## Assignment
Across the records below, how many lines include the string "that"? Respond with the number only.

## Material for this task
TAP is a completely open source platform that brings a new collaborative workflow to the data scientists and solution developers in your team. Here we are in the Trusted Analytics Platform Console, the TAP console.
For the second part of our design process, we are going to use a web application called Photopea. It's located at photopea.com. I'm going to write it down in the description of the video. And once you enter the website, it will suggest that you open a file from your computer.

* * *

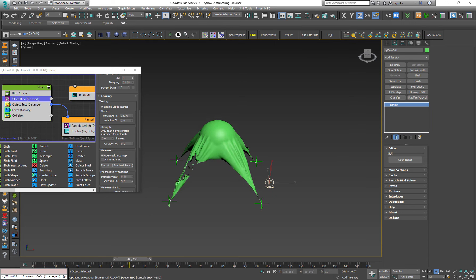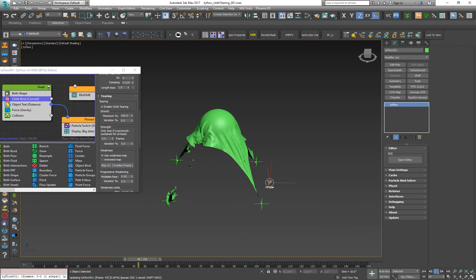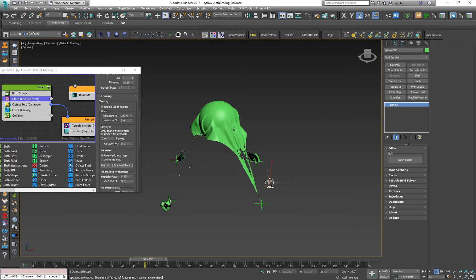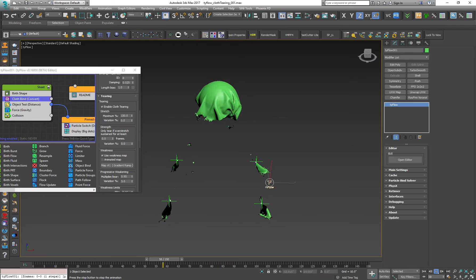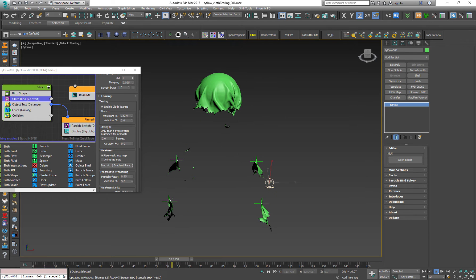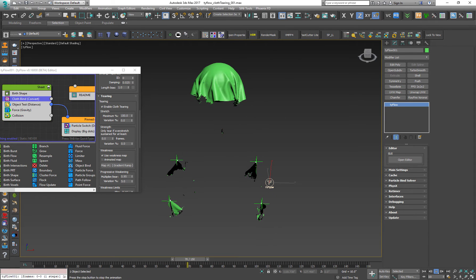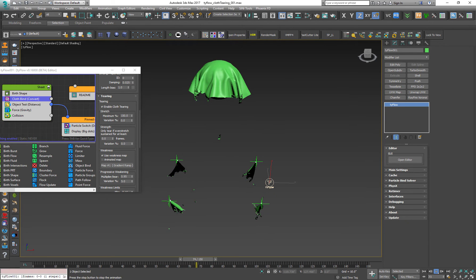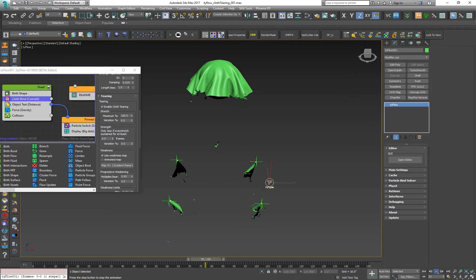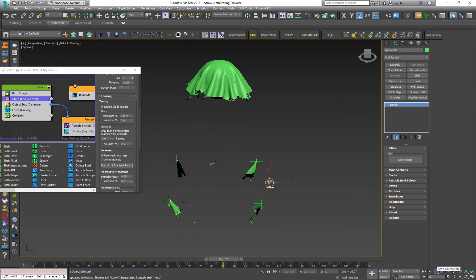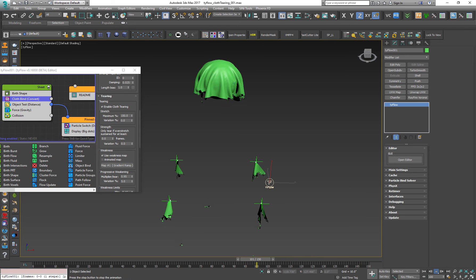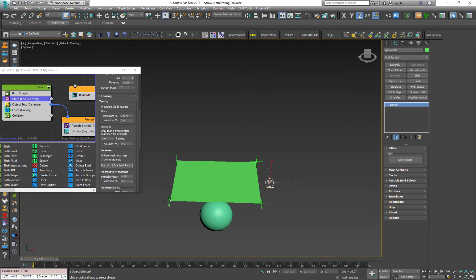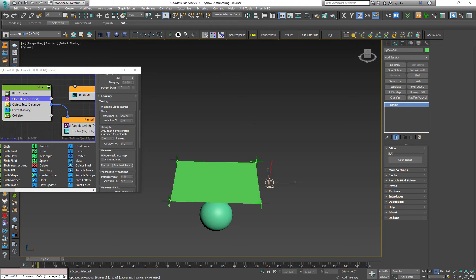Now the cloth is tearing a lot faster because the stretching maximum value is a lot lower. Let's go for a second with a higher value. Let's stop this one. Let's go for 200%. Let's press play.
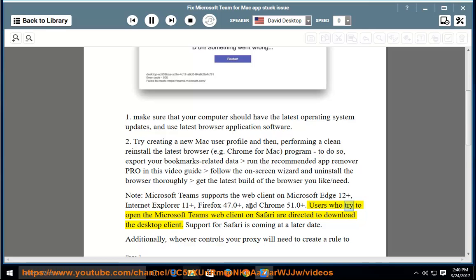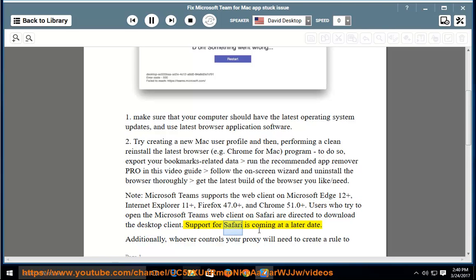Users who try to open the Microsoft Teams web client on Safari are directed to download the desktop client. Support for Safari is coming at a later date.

## Solution below
2